Directed By: Alastair Fothergill
Starring: David Attenborough
Line form the film: "This is our planet's final frontier, and a world where only the most adventurous dare to go"
Trivia: The cave crew had to spent a whole month filming on the world's largest pile of poo (actually bat guano)
I know it’s a television series, but Planet Earth was such a monumental achievement that I couldn’t ignore it. Produced in 2006 by the BBC’s Natural History Unit, Planet Earth was shot over the course of five years in just about every corner of the globe. With David Attenborough taking his familiar place behind the mic as narrator, the series presents eleven episodes, each covering a different earth-bound habitat. And while all eleven are phenomenal, the one I chose to focus on was episode #4, titled Caves.

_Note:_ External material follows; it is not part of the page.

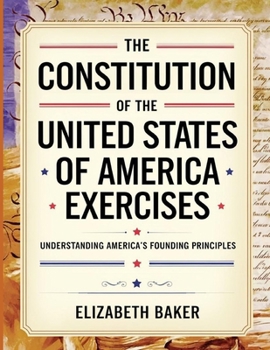 The Constitution of the United States of America Exercises: Understanding America's Founding Principles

Referred to as “the planet’s final frontier”, Caves travels miles underground to explore areas that most humans have never seen. With sequences shot in Mexico (the Cave of Swallows in San Luis Potosi is the deepest cave shaft in the world, so large that New York’s Empire State Building could stand inside it), Borneo (Deer Cave, located outside the city of Miri, is home to several species, including 3 million bats), and North America (the Carlsbad Caverns of New Mexico feature some remarkable stalagmite formations), Caves exposes us to the wonders of this mysterious habitat, which is, at times, as disturbing as it is lovely.

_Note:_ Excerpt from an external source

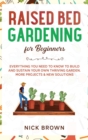 Raised Bed Gardening for Beginners : Everything You Need to Know to Build and Sustain Your Own Thriving Garden. MORE Projects & NEW Solutions - Book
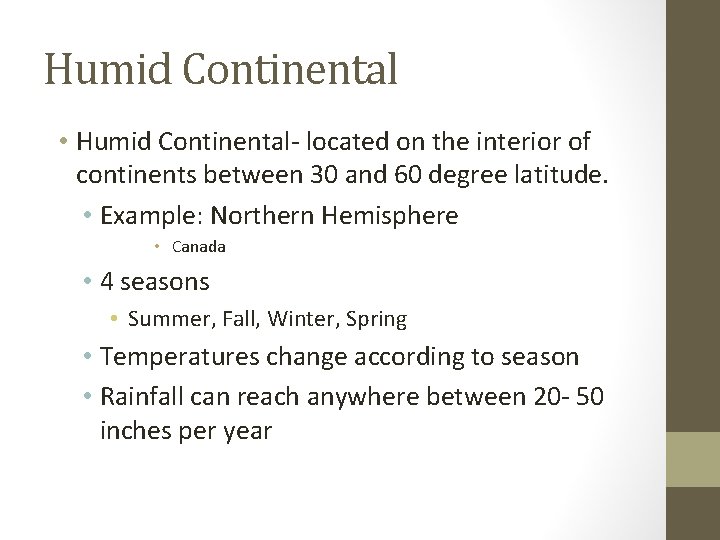 Humid Continental • Humid Continental- located on the interior of continents between 30 and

More often than not, the imagery in Caves will take your breath away. The episode opens with an above-ground shot in which a few adventurous souls (aka BASE Jumpers) leap into the Cave of Swallows, free-falling for a short while before deploying their parachutes. Switching to an interior angle, with the camera set up on the cave floor, we watch these jumpers float downward into the darkness, and it’s an incredible sight. So, too, is the scene in which Deer Cave’s enormous bat population makes their daily flight to the jungle below in search of food, only to be snatched up by falcons and eagles that are also looking for a good meal (like many documentaries of this ilk, Caves shows us nature at its most brutal as some of the bats fall victim to the birds of prey). In addition, Caves has several underwater sequences; in Mexico’s Yucatan Peninsula, the cameras traverse an underground river that runs for miles, and in so doing capture what is perhaps the show’s most amazing image: that of divers who, because the water is “split” into fresh (above) and salt-filled (below), look as if they’re floating in mid-air.
Of course, not everything in nature is beautiful, and Caves doesn’t shy away from the more disgusting aspects of this underground realm. Along with its assortment of bizarre creatures (including a salamander that, because it lives in total darkness, has ne eyes), we’re taken to the very bottom of the Cave of Swallows, where the largest pile of bat shit in the world resides (home to thousands of cockroaches, which scurry across the guano looking for something to eat). Still, Caves, like the other 10 episodes, is more spectacular than it is repulsive, and if you’re like me, you’ll be amazed by what this show, and all of Planet Earth, has to offer. Much more than a TV series, it’s a collection of in-depth documentaries, each as extraordinary as the other, and you won’t want to miss a single one.